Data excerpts
_____

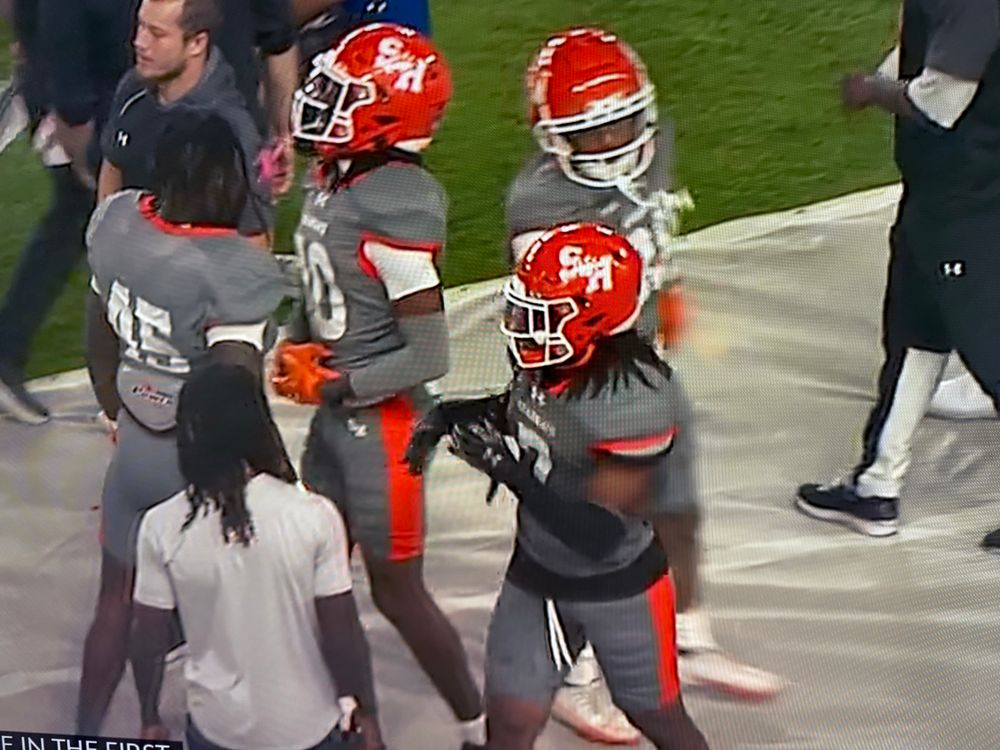 SHSU playing football in grey vs Delaware in white. 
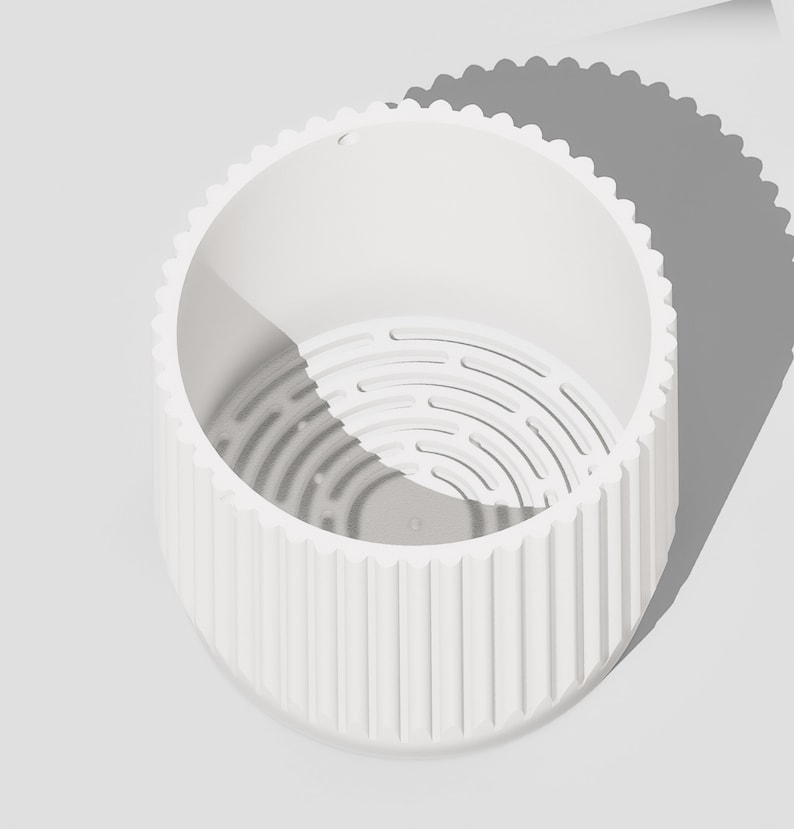 May include: White ceramic planter with a ribbed exterior and a drainage hole. The planter has a removable inner pot with a grid pattern.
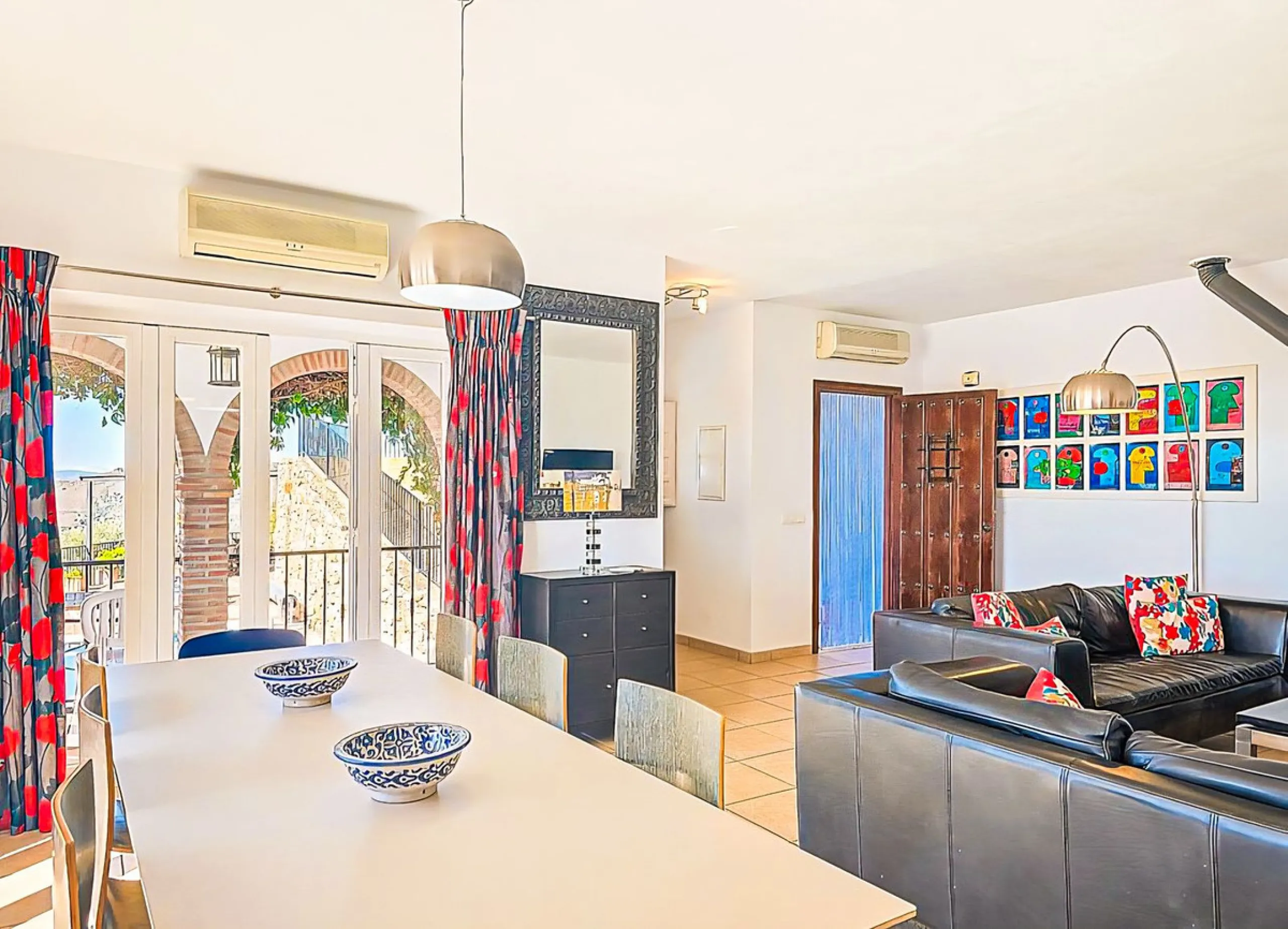 This beautiful modern villa with 5 bedrooms and 3 bathrooms enjoys an enviable elevated position above the charming white village of Cómpeta, offering sweeping views of the Mediterranean Sea, rolling countryside, and the village rooftops below. Stylish, s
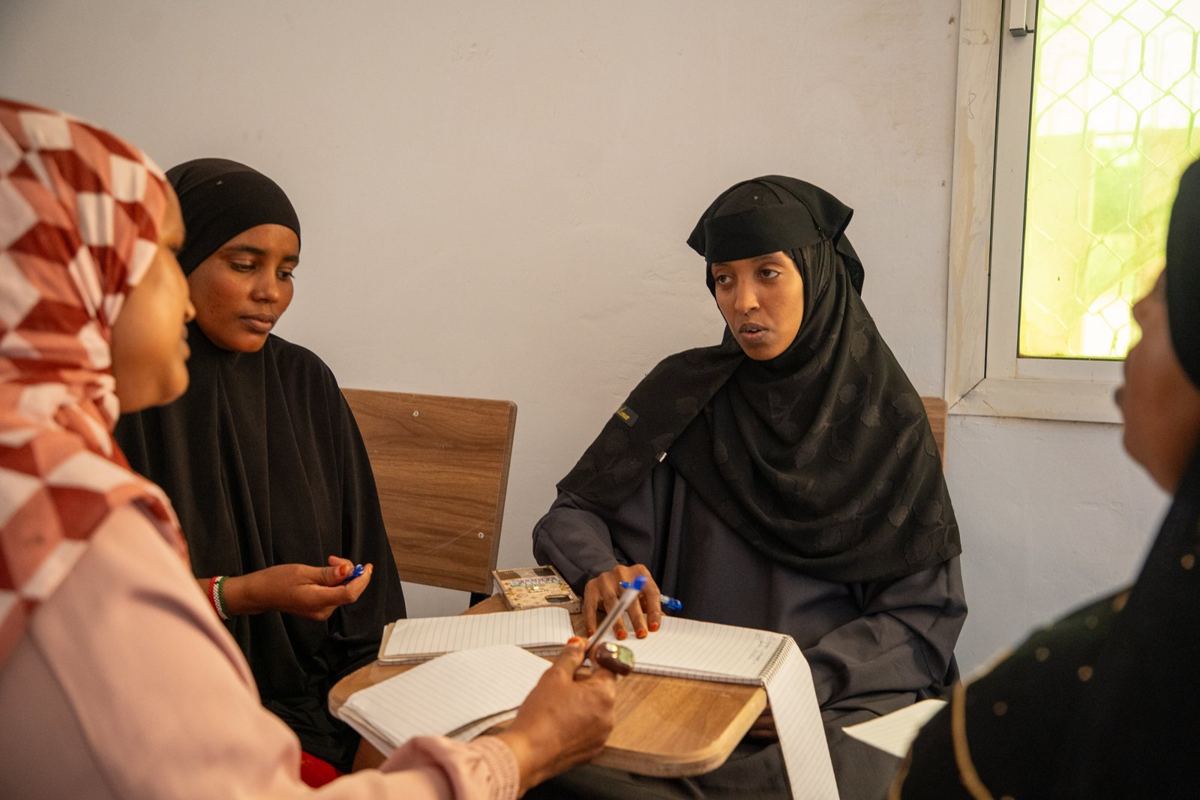 Two women writing during a class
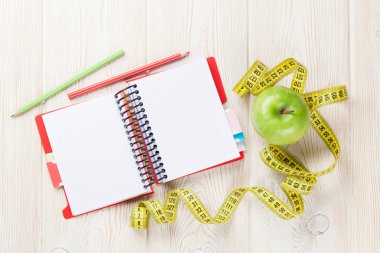 Defter, mezura ve elma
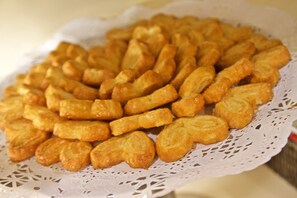 Eine Schale goldbraun frittierter Snacks auf einer weißen Spitzentischdecke.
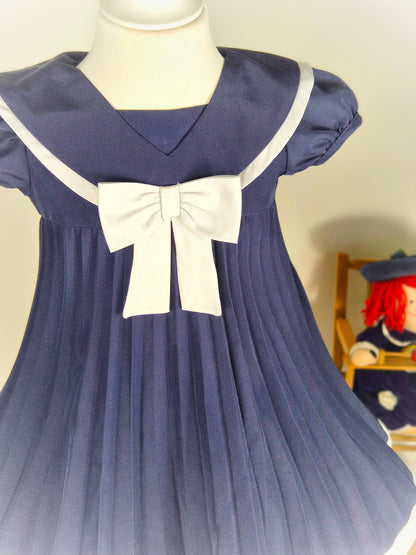 12-18 months. Navy vintage sailor style dress with pleats, puff sleeves and white bow. Maxi style*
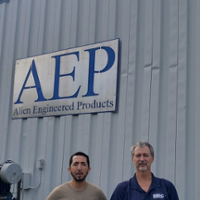 Tom and Juan in front of Alien Engineered Products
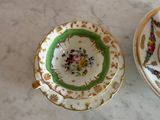 two cups and saucers sitting on a marble table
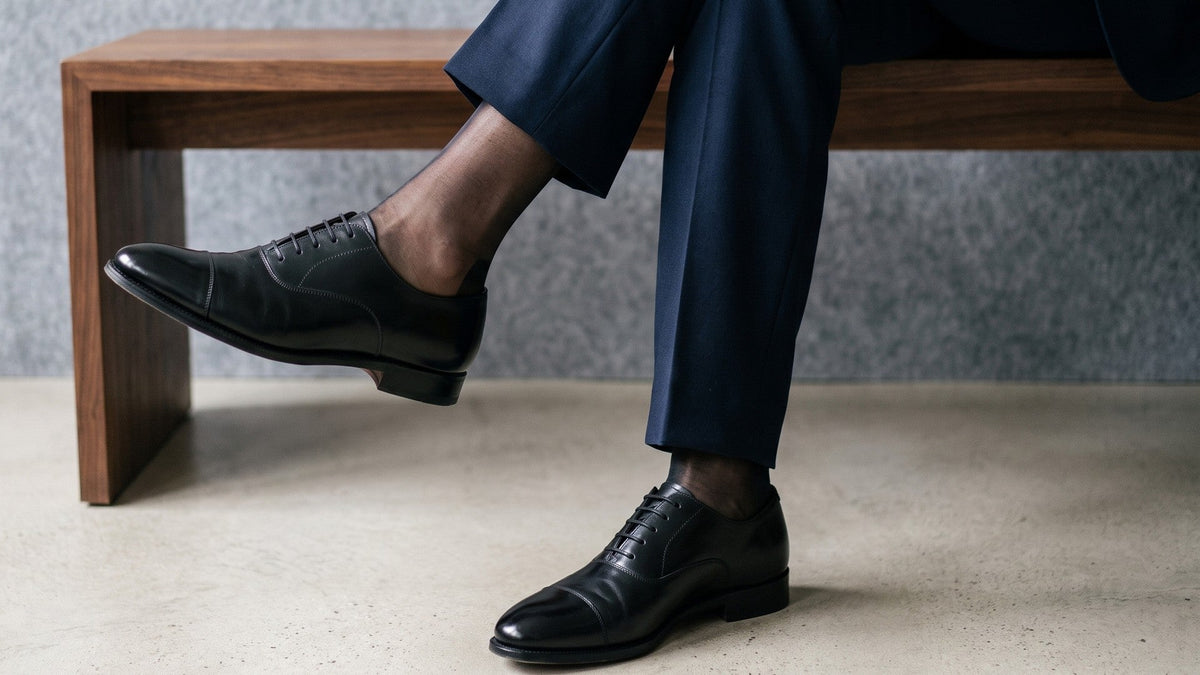 Man in a navy suit seated on a walnut bench, legs crossed, wearing black sheer dress socks and black cap toe oxfords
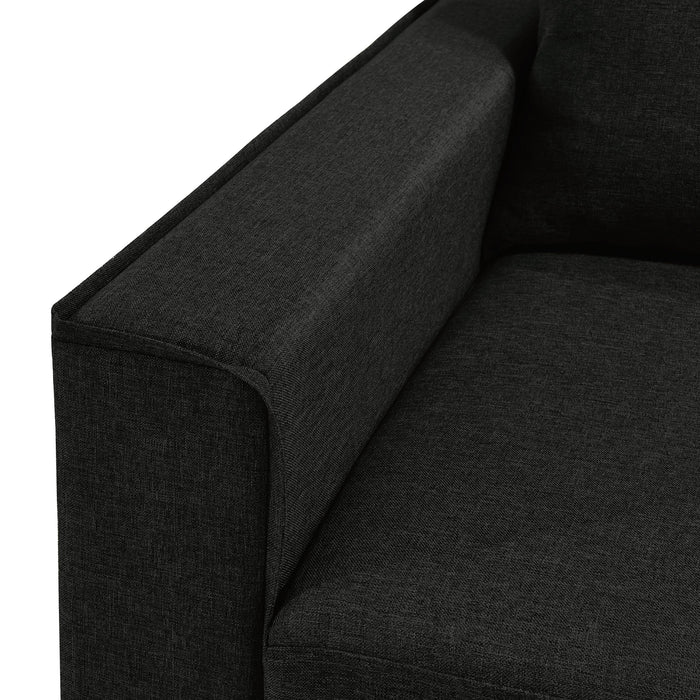 Left facing close up of the armrest of a transitional black customizable sectional sofa on a white background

_____

In your answer, repeat all the entries exactly, but leave out the pictures.

## TASK RESPONSE
 SHSU playing football in grey vs Delaware in white. 
 May include: White ceramic planter with a ribbed exterior and a drainage hole. The planter has a removable inner pot with a grid pattern.
 This beautiful modern villa with 5 bedrooms and 3 bathrooms enjoys an enviable elevated position above the charming white village of Cómpeta, offering sweeping views of the Mediterranean Sea, rolling countryside, and the village rooftops below. Stylish, s
 Two women writing during a class
 Defter, mezura ve elma
 Eine Schale goldbraun frittierter Snacks auf einer weißen Spitzentischdecke.
 12-18 months. Navy vintage sailor style dress with pleats, puff sleeves and white bow. Maxi style*
 Tom and Juan in front of Alien Engineered Products
 two cups and saucers sitting on a marble table
 Man in a navy suit seated on a walnut bench, legs crossed, wearing black sheer dress socks and black cap toe oxfords
 Left facing close up of the armrest of a transitional black customizable sectional sofa on a white background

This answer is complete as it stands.